L’année 2024 commence de la meilleure manière pour la talentueuse suisso-burkinabée Lakna. Après un premier concert plus que réussit à Paris, elle sort déjà son nouveau projet (UTC-0). Un voyage dans son univers teinté de multiple racines et d’une musique entraînante et fédératrice. Entre métissage, solitude et recherche d’appartement, nous sommes allé à la rencontre de la pétillante Lakna pour qu’elle nous en raconte plus sur la genèse de sa nouvelle pépite.
La Face B : Hello Lakna ! Comment est ce que tu te sens à l’approche de ton nouveau projet UTC-0 ? (NDLR : interview réalisée avant la sortie du projet)
Lakna : Je me sens bien et en même temps fatiguée. Je me réjouis, et j’ai très hâte de commencer à taffer sur le prochain projet.
LFB : Déjà un futur projet en tête ?
Lakna : Oui ! J’aime bien ne pas m’arrêter.
LFB : Tu as commencé l’année avec un concert au Burkina Faso le 7 janvier. C’était la première fois que tu faisais un concert là-bas ?
Lakna : Ce n’était pas ma première fois là-bas, car j’ai mon frère et ma sœur qui y habitent. Mais c’était la première fois dans un concert avec des musiciens de là-bas. C’était trop bien ! Même le maire est est venu, je me suis sentie vraiment accueillie.
LFB : Restons un peu au Burkina Faso et parlons de ton papa qui est lui aussi artiste (NDLR : Il est griot), a-t-il écouté le projet ? Quels ont été ses réactions ?
Lakna : Il a déjà écouté les singles qui sont sorti, mais pas encore les prochains. Mais il aime ! Après, lui, il fait plutôt de la musique traditionnelle, du coup, disons que, si, moi, je fais de la musique traditionnelle, il va me “critiquer”, mais si je fais de la musique à moi, il va aimer. Il aime surtout quand je fais ce qui me plaît.
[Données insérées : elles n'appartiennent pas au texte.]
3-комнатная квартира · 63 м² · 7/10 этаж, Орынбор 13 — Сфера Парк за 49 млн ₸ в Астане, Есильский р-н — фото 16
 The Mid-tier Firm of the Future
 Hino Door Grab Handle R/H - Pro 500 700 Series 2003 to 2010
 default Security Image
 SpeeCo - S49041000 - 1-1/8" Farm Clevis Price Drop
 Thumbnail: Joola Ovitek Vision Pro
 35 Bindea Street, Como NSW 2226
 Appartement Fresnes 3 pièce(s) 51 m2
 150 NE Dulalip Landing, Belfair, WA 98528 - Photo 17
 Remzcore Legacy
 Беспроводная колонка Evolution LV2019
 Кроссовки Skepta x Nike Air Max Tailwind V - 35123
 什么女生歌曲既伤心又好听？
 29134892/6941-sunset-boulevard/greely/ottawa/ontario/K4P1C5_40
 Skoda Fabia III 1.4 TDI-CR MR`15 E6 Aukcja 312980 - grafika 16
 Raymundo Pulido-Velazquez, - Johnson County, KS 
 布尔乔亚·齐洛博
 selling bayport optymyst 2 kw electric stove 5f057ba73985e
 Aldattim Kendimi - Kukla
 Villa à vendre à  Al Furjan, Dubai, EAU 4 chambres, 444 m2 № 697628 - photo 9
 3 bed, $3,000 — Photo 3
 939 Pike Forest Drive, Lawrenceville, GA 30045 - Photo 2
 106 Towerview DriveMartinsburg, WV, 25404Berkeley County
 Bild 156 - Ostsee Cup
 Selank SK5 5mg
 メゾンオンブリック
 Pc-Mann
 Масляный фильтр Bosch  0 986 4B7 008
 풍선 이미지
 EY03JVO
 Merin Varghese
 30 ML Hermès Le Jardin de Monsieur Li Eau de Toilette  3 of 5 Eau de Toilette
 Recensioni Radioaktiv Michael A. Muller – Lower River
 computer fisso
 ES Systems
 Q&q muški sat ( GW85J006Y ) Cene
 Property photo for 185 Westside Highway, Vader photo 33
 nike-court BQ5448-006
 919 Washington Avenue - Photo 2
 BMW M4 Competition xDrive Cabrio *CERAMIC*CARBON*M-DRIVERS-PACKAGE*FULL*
LFB : Est-ce que c’est important pour toi qu’il valide tes projets ou ton travail ?
Lakna : Pas forcément. C’est important pour moi qu’il soit content de ce que je fais dans ma vie. Mais après mon père possède vraiment une culture burkinabée profonde, donc si je lui fais écouter du rap par exemple, il ne va pas aimer. (Rire)
LFB : C’est également une première fois pour toi à un concert parisien, est ce que ça s’est également bien passé ?
Lakna : Oui, c’était trop bien ! C’était remplis, et surtout hyper bien accueillie en France, j’étais vraiment trop contente.
LFB : Dans UTC-0, tu explores ton métissage, mais tu partages également que tu te sens parfois déconnectée, ou que tu as du mal à vraiment trouver ta place malgré cette « double culture ». Comment cette dualité a-t-elle impacté la création de ton projet ?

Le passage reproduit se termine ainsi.